Inscribed signs, a little younger than those found in Banpo Village, were
also found on pottery along the lower reaches of the Yellow
River. There, archeologists found a sign with shapes of the moon and a
five-peak mountain underneath a circle. Experts in ancient characters say the
pictograph symbolizes the interval in which the moon disappears and the sun
rises. Mythology researchers have another interpretation. Their understanding is
that the moon shape symbolizes the red clouds as the sun rises, and thus the
picture portrays a sunrise
over the sea.
Most of the signs inscribed on pottery were painted red, creating an imposing
and mysterious impression. The hypothesis is that pictographs were used in
sacrificial rituals dedicated to the sunrise or as prayers for good harvests.

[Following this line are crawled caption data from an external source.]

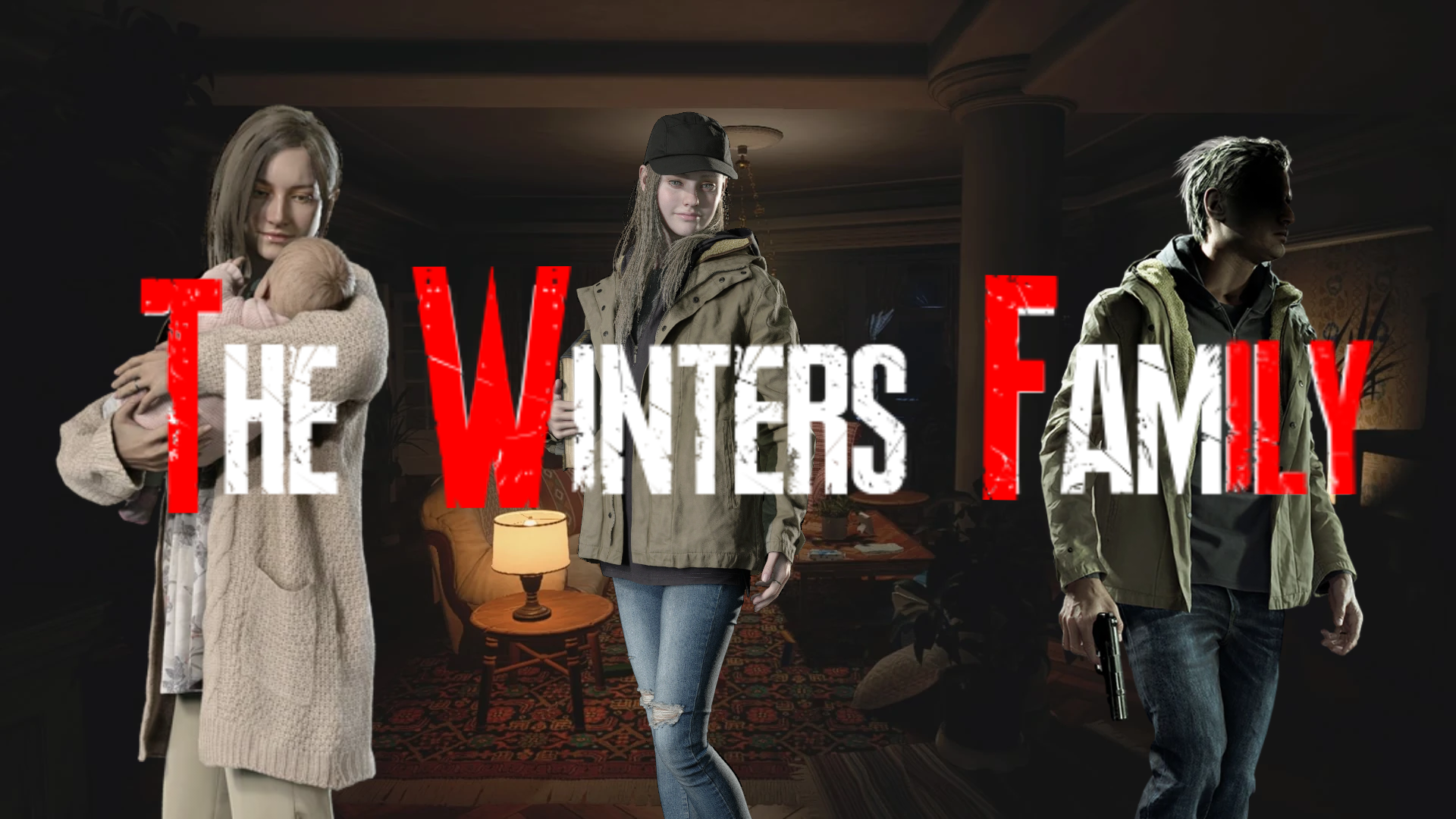 The Winters Familyのバナー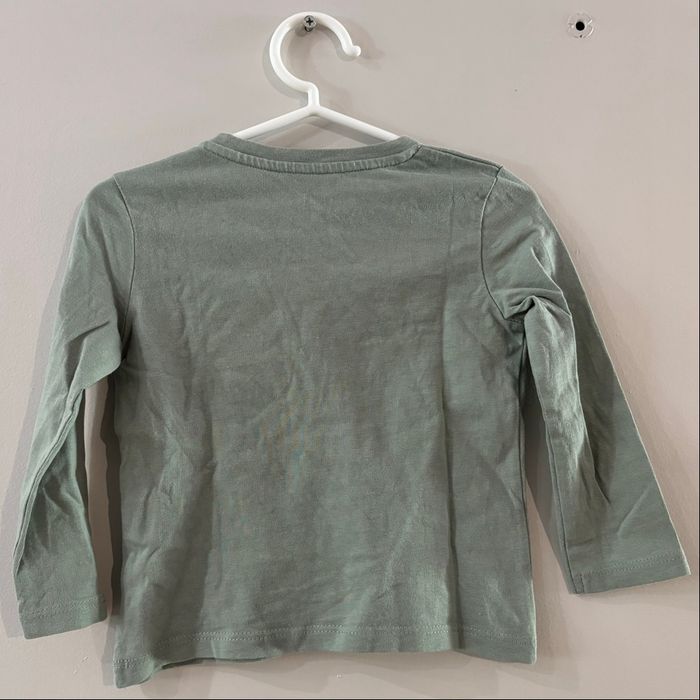 T-shirt manches longues - photo numéro 2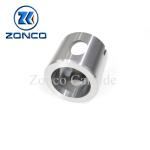 Anti Corrosion Wear Resistant Three Hole Nozzle ISO9001 For Downhole Drilling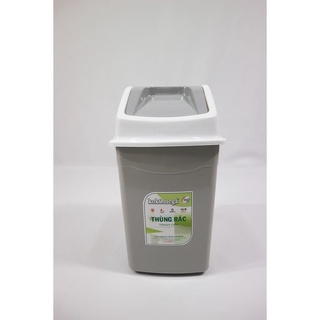 [Siêu sale] Thùng Rác Nắp Lật 12 Lít Kokomega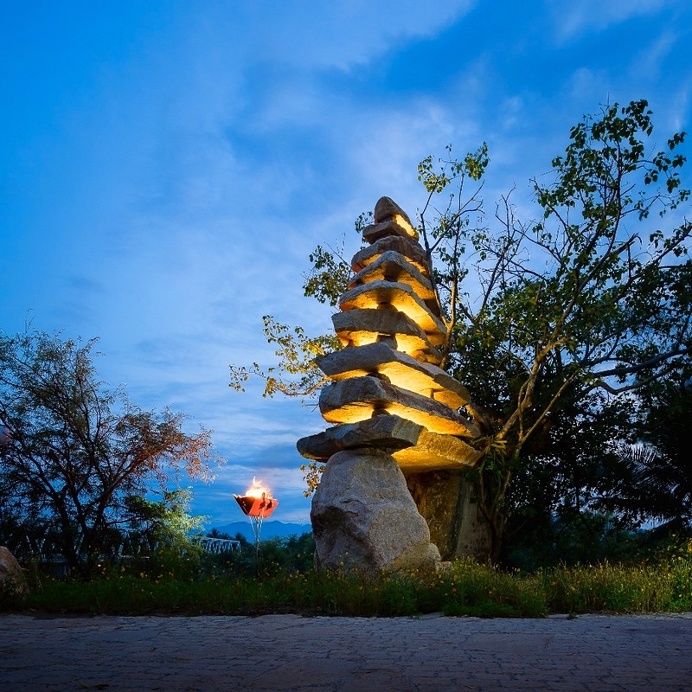 The Temple 2016 by a21studio / Nha Trang, Vietnam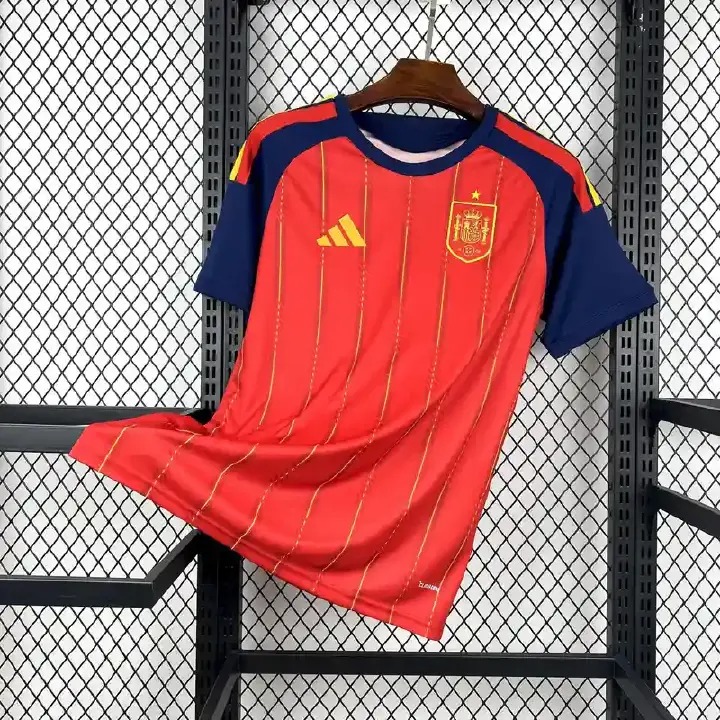 Best Quality Spain Jersey world cup 2026 ; New  and Authentic Unisex Jersey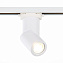 Трековый светильник ST Luce ST650.546.10 10Вт LED белый для однофазного трека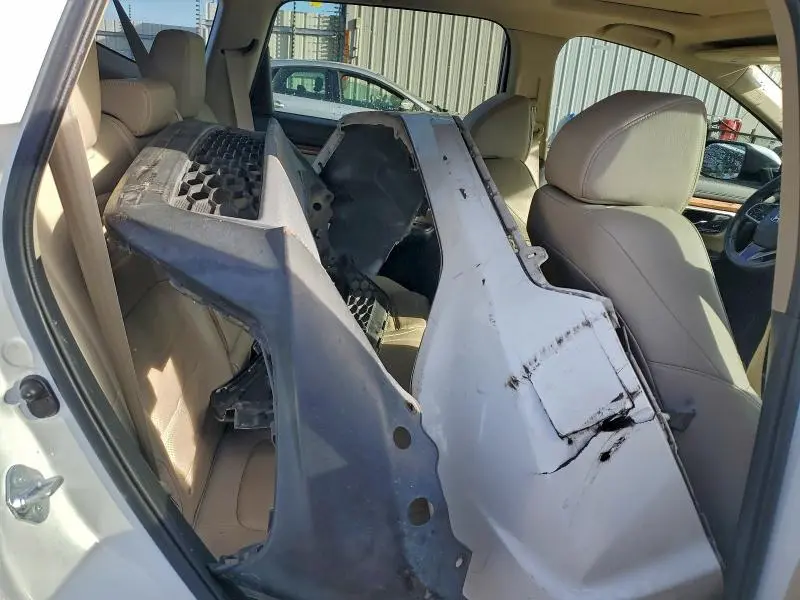 2019 HONDA CR-V TOURING  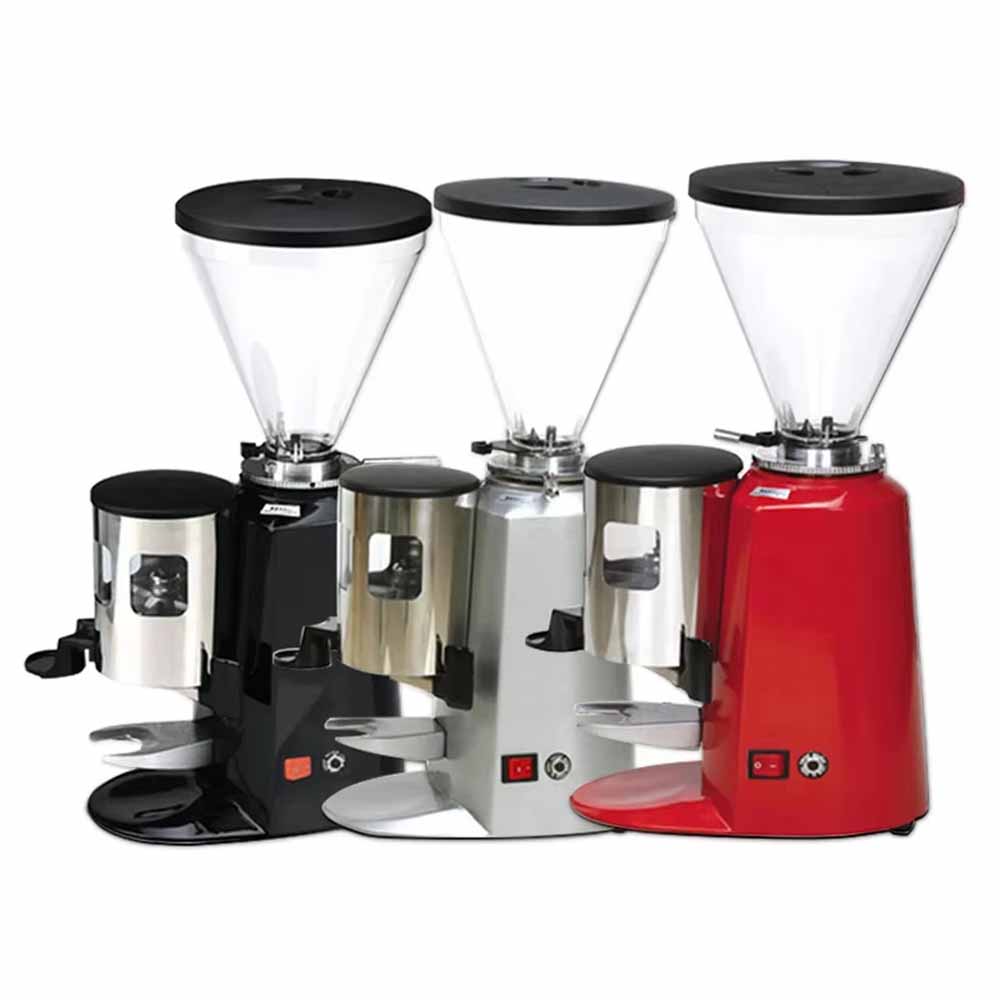 Xeoleo Commercial Electric Cof - Coffee Bean Grinder Electric ulasan dan harga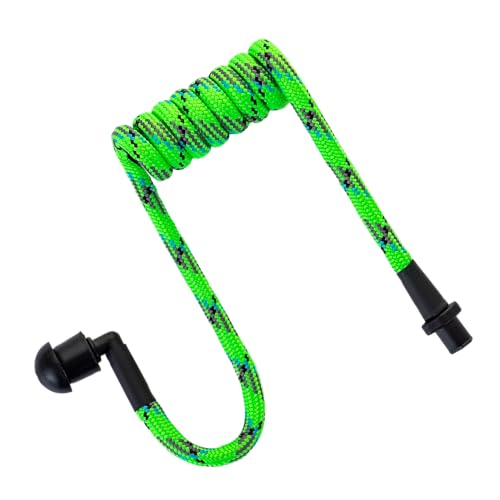 Replacement Braided Nylon Acoustic Coil Tube for Radio in-Ear Earpiece (DF/CTB-27) - color: DF/CTB-27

They were inscribed in an orderly way, and the strokes are full of strength.
Similar signs and designs have been found in other regions in China, indicating
they had become generally recognized. These are the earliest symbols, or
pictographs, in China and are more than 5,000 years old.
In Qinghai
Province in western China, pottery objects of approximately the same period
and inscribed with images of birds, insects and animals have been unearthed.
These, too, are regarded as pictographs. According to philologist Tang Lan,
Chinese characters originated from pictures; the older the characters, the more
they look like pictures. Since pictures have no fixed forms, the ancient Chinese
characters were generally free in form.
Xu Shen, a philologist of the Han
Dynasty (206B.C.--A.D.220), divided Chinese characters into six categories.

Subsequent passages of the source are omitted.